All patients received immunosuppressive therapies before initiation of adalimumab ( Table 1 ).
TREATMENT OUTCOME
The median follow-up period after initiation of adalimumab was 4.9 years (range, 0.11-14.7 years). The median treatment duration of adalimumab was 3.3 years (range, 0.03-14.7 years). Of the patients, 18% started adalimumab monotherapy with or without topical steroids. All other patients had combination immunosuppressive therapy consisting of adalimumab with steroids and/or DMARDs. During the follow-up, 148 of the 341 patients (43%) continued treatment with adalimumab until end of follow-up (ie, time of data collection).

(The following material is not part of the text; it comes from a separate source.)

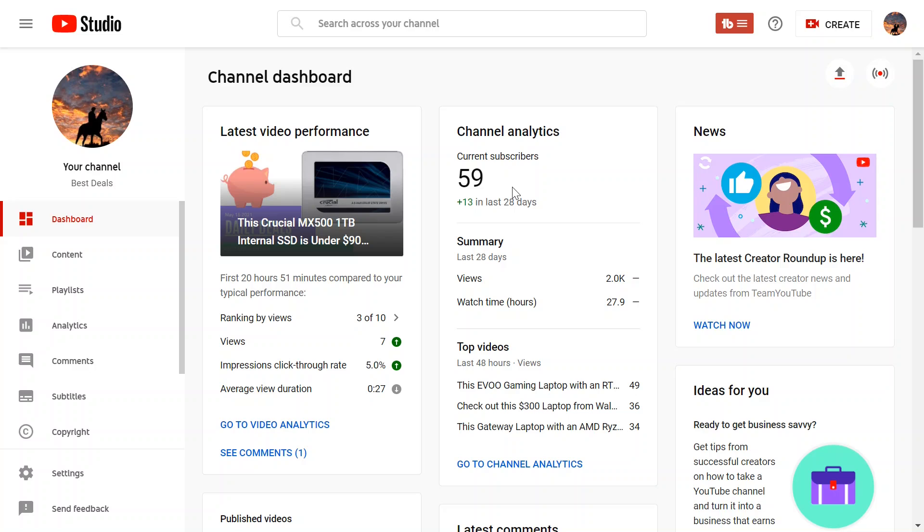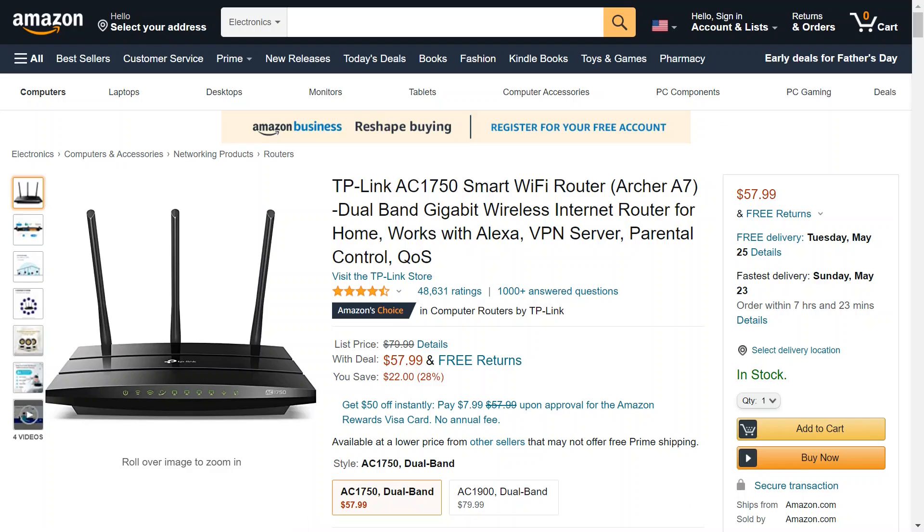Let's get into this one. This one is a router that I personally own. I really like it, and it's on sale right now. So I'm figuring, if you need a router, maybe this is the one for you. This is the TP-Link AC-1750 Smart Wi-Fi Router, and it's on sale right now — $80 originally, which is what I think I paid for it, and now it's 28% off, $22 off, for a limited time.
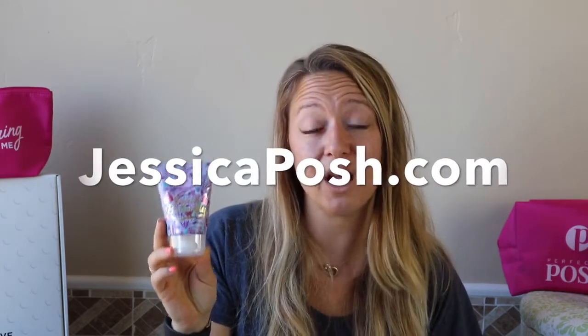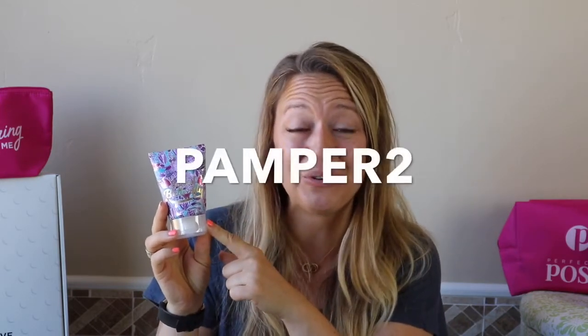Social Butterfly hand cream is coming in this month's kit — and look at this cute packaging! If you're a new-to-Posh customer, pop over to jessicaposh.com, place a $25 order, enter the code PAMPER2 at checkout, and you'll get one of these hand creams for free. I would place my $25 order, scoop up the free hand cream, and then immediately sign up — because that's the best deal.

Inactive disease/remission was achieved in 298 of the 341 patients (87%). Inactive disease, which enabled the cessation of adalimumab, was achieved in 57 patients, with a median treatment duration until discontinuation of 3.2 years (range, 0.4-11 years). In all, 178 patients reached inactive disease and continued adalimumab treatment ( Table 2 ). Adalimumab was effective in 235 patients ([57 + 178]/341 patients; 69%) of patients. In the remaining 63 of the 298 patients, inactive disease was achieved when patients switched to other medication. Of the 103 patients using adalimumab and systemic corticosteroids who reached inactive disease, systemic corticosteroids could be tapered to zero in 86 patients. None of the 103 patients had received intravitreal steroids in the prior 3 months. A minority of patients (33 of 86; 38%) still used systemic corticosteroids such as prednisolone. In total, 31 of 33 patients (94%) used prednisolone 10 mg or less. The remaining 2 patients used 12.5 and 15 mg, respectively. In those patients still using prednisone despite inactive disease, prednisone was not tapered further because of previous visual loss and because the risk of a relapse was considered too high.